Last night I developed a severe headache due to my allergies flaring up. I took a benadryl and went to bed. I woke up this morning with a pounding head. I laid in bed scared to get up because I knew my headache would only get worse from the movement. I finally decided to get up and to my surprise my head hurt less once I stop fearing what I THOUGHT would happen and just did what needed to be done.
In that moment God spoke to me. He told me that when you let go of the fear and do the difficult thing that it’s not always as bad as you think.
On this past Friday (May 19) I was let go from my job after only working there about 4 months. Now this was a job with a company I’ve been trying to work for over 4 years so of course when they offer came I just knew it was all God. To My surprise, I got what I thought was the job of my dreams only to be just as disappointed with it like every job before it. My pastor told me a couple years ago that I would never be happy working a 9-5 because I’m suppose to work in ministry. I never understood that until this year because I’ve been faithfully & cheerfully serving in ministry since I joined my church.
When I started this blog I just wanted to share my testimony and encourage women. I didn’t really see it being anymore than a blog post here and there but God has different plans. I’ve been given a vision for this blog and the Women of Purpose brand. A passion has been sparked to be bigger than a blog post. To reach people outside of cyberspace and touch lives face to face in multiple ways. I no longer wanna work to just get by but to work IN purpose and be self employed with multiple streams of income.
I blog. I model. I’m a brand ambassador. I’m an business owner as an independent It Works! Distributor. I serve in ministry. I’m a woman of God.
I’m an ever evolving story and God is the author. By faith my needs will continue to be met even in this season without a full time job. God has designed this life I live and He WILL supply my needs according to His will & purpose in my life. I’ve submitted my life to Him and seek Him and put Him first and I couldn’t be happier.
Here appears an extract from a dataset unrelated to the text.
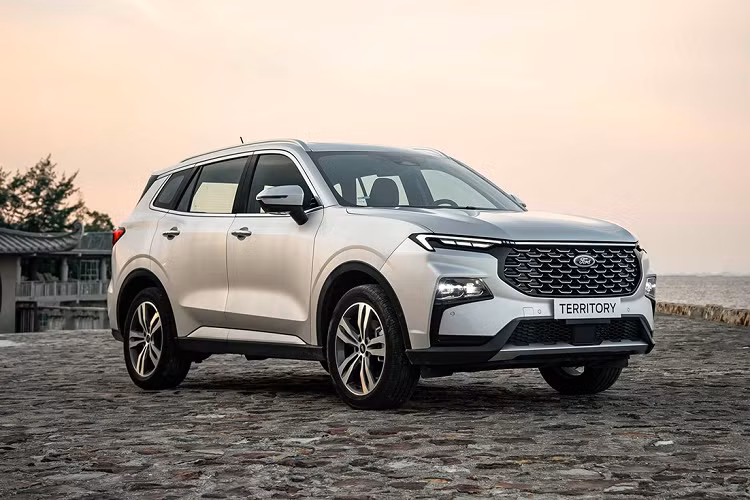 Theo thương hiệu Mỹ, ngôn ngữ thiết kế trên Territory hoàn toàn mới thể hiện dòng chảy sức mạnh dồi dào năng lượng. Territory được trang bị động cơ EcoBoost 1.5 lít, tương đương với động cơ 2.0 thông thường của Ford, sản sinh công suất 170 mã lực và mô-men xoắn cực đại 260 Nm.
A former co-worker was shocked at how well I was taking losing my job. I told her, “What’s worrying gonna solve? It won’t get my job back. I’ve been praying to be self employed so I’m just going to trust God’s process. If this is His way of pushing me into purpose then I will stand on faith and follow His lead.” When you walk into my apartment the wall lettering on my living room wall says Pray about everything, worry about nothing. What do I look like reading this every day then sitting in worry when life comes at me hard?